Hot coffee, cool orange juice and a freshly baked baguette at the ready. Maybe its not most people’s idea of a Sunday breakfast for a student, but it is not expensive and it gives time for a moment of reflection as the clouds have began to settle after a seemly hectic two weeks since the beginning of term.

As a mature student*, there are more than a few little concerns and expectations that arrive with you: the first is that the world you are about to enter has been tailored for those whose jeans don’t quite fit. This is a undoubtedly a misconception: if anything the staff at ECS and the university as a whole react to you as they find you. Ask an adult question, get an adult response. The most refreshing aspect of this environment is the open-mindedness of the staff and willingness to be flexible that can sometimes go missing in the professional world. For the technically minded amongst you, I run a Linux laptop and have no access to windows. No problem: pages for configuring access to the university systems from using samba shares to logging in via VPN are up on the university website.

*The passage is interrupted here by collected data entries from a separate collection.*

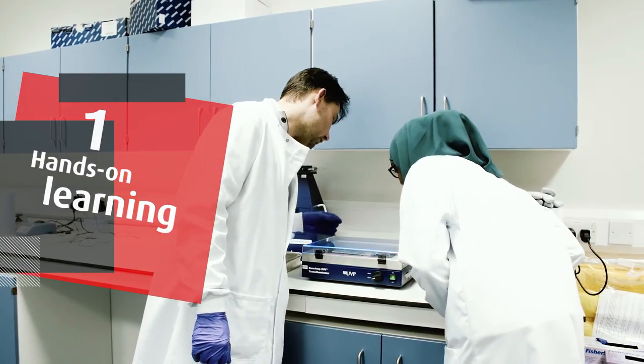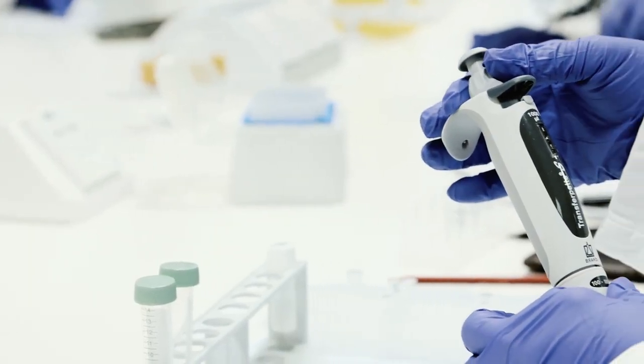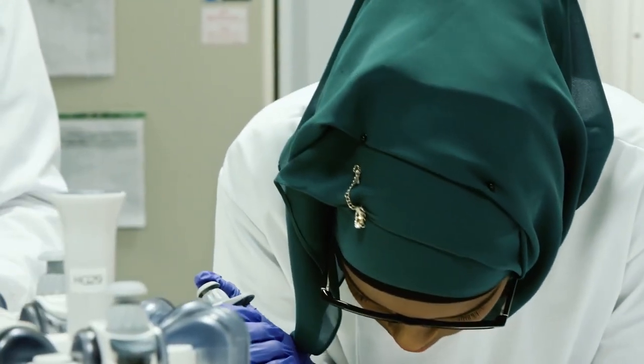My favourite thing about the course is that I'm able to tailor my subject. I choose the modules that I want to do and that allows a great degree of flexibility. I really like the fact that I can apply the knowledge that I learned in class into a practical setting in field trips as well as labs.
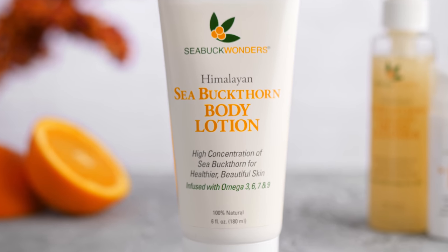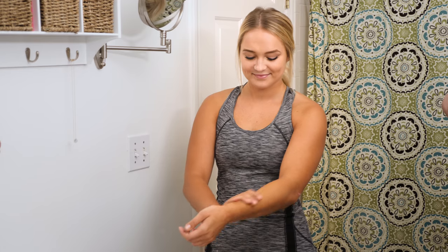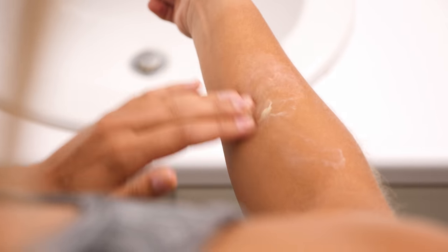Compared to any other sea buckthorn lotion, Seabuck Wonders has the highest concentration. People with chronic dryness, sensitivity, and problem skin love this gentle lotion. The formula soothes sensitive skin while encouraging long-term health.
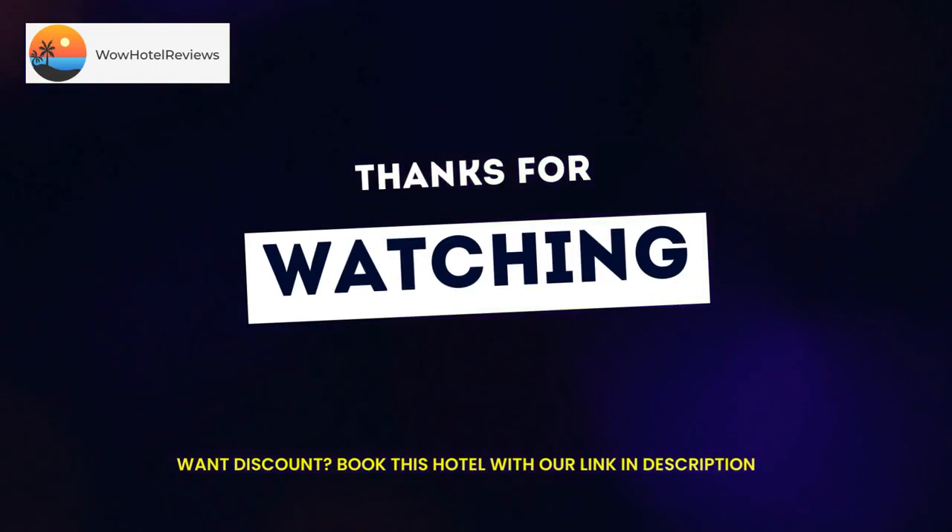Use our link in the description to get a special discount on this hotel. Don't forget to like and subscribe to our channel.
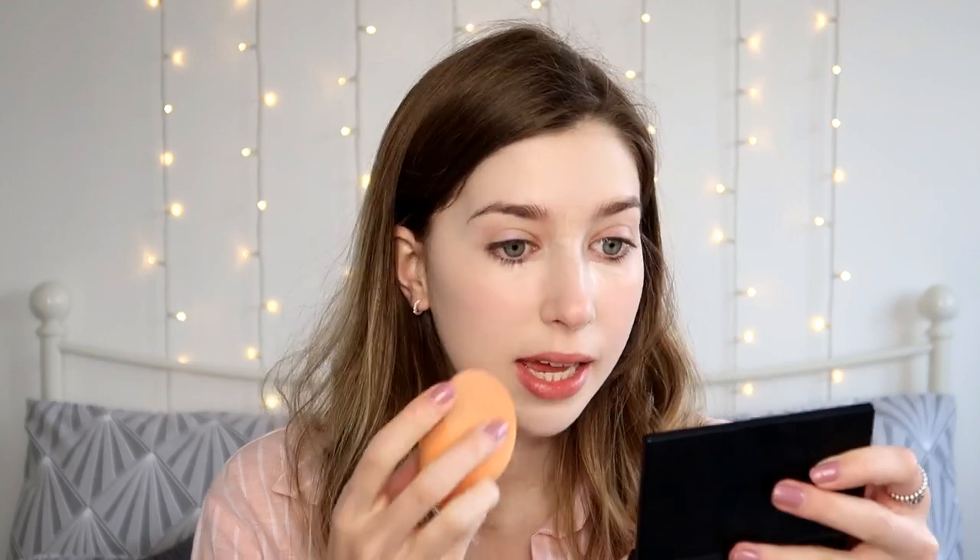Let's move on to concealer. I am using my Revolution Conceal and Define Concealer in the shade C1. I have gone through about three or four tubes of this — I absolutely love it. I currently have a dog between my legs; Daisy has just found herself in the gap between my knees and fell asleep. At least she's leaving my makeup alone — last time I tried to film a makeup video with her in the room, she just kept picking up my makeup brushes and chewing them. So we've slightly advanced from there.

This extends to the campus environment. Any good chess player will know the value of a bolt-hole. I prefer to move out of my pad in order to work. The Hartley Library has quickly become my bolt-hole of choice for this. The red-brick exterior belies a modern interior, which includes almost as much space for study as that provided for the books. This gives rise to the possibility of punctuating the study of subjects like maths, with the odd chapter of something like the American Civil War – an old passing interest – from the shelves nearby, in order to form a break when one is needed.

Another possible misconception is that of attitude to work. The sentiment that as a mature student I would be far more focused on the work than that of my peers has been suggested more than once. Not quite true: whilst I was still researching important matters, such as the location of the nearest decent supermarket, quickest route from halls to campus etc…, the various members of my tutor group had already got stuck into reading ahead on the syllabus for each forthcoming subject. But then again, we are already award winning. All ECS Programmes feature Jumpstart, where one of the tasks involves a walk around Southampton to find various people and places, whilst getting to know the members of your tutor group. Pictures are posted to a blog in order to prove that a task has been attempted. Perhaps we surprised ourselves a little when won overall, bagging a yard of Jaffa cakes in the process, but it was a result nonetheless.

(A quick hello, as promised, to James, Ryan and Tom, who form the rest of my tutor group. The latter of whom will no doubt be keeping you current with his blog on these pages sometime soon.)

* Apparently that is what my birth certificate says: the date of birth field ends with 79. I’ll let you do the maths.